# Driving Calais - Barcelona



## MrSimon (Feb 1, 2012)

Hi all,

A friend and I are planning to go on a bit of a road trip to Barcelona next month.

We are going to go in my little Ford Transit Connect van, so don't really need any information on camp sites etc as we will be looking to book a couple of cheap hotels en route.

Could anyone recommend any good routes, preferably avoiding pricey toll roads to get to Barcelona and back?

Thanks

Simon


----------



## teemyob (Nov 22, 2005)

*Route*

Hello Simon,

Welcome to MHF.

If you go via Calais. I would use the BIS routes.

http://www.bison-fute.equipement.gouv.fr/diri/Accueil.do

These routes are toll free routes off the beaten track.

You could combine this with the Toll Free (almost) through or over 
Millau on the tallest road bridge in the World.

see

www.viamichelin.co.uk

rac.co.uk/route-planner/

http://en.mappy.com/

I would driev West from Calais, along to Rouen. Then you have many, many options.

Loire
Dordogne
Tarn

Down to the Med coast and along through and into Spain.
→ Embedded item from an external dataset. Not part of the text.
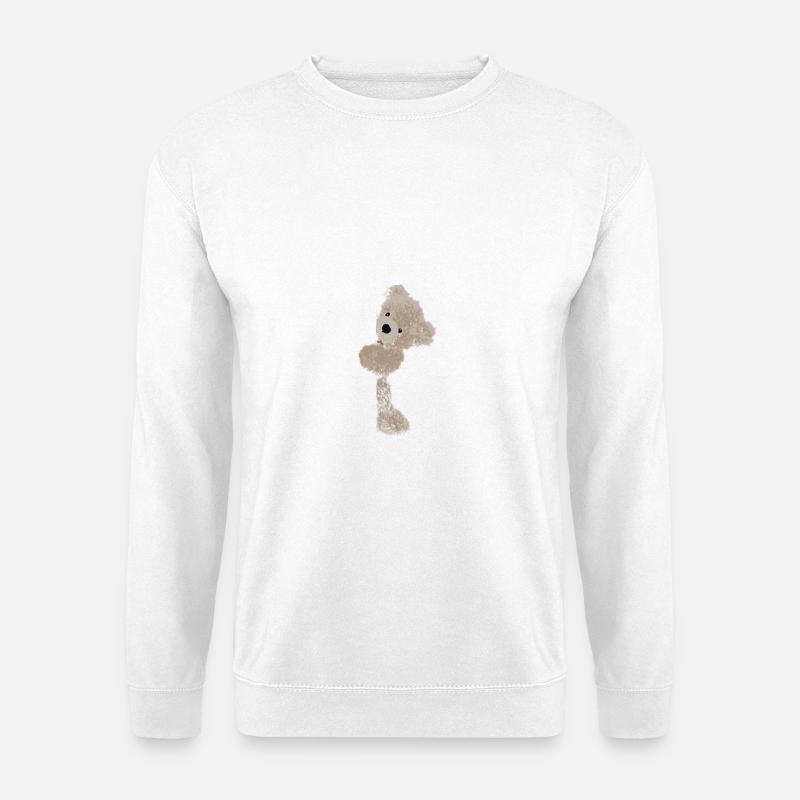 teddy - Unisex Pullover - Weiß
Or you could go West to Bordeaux, down through toll free Spain routes.

When are you going?

TM


----------



## geraldandannie (Jun 4, 2006)

We're heading that way soon, and we've made the decision to drive on motorways, in case of bad weather.

Calais-Biarritz is €72.60 in tolls (about £60), which is worth it to us. On the way back, the weather will be better, and we'll avoid the toll motorways like we normally do.

Gerald

Edit: TM mentioned ViaMichelin: we also use ViaMichelin a lot when planning.


----------



## Rapide561 (Oct 1, 2005)

*Barcelona*

Hi

I would go via Paris and Millau - toll free aoo of it. Spend a night near Orly airport and another at the Campanile Millau.

Toll free all the way. The A75 is quite high and exposed but I am pretty sure weather wise/snow it would remain open - it is free too.

These are the two toll free routes that I use.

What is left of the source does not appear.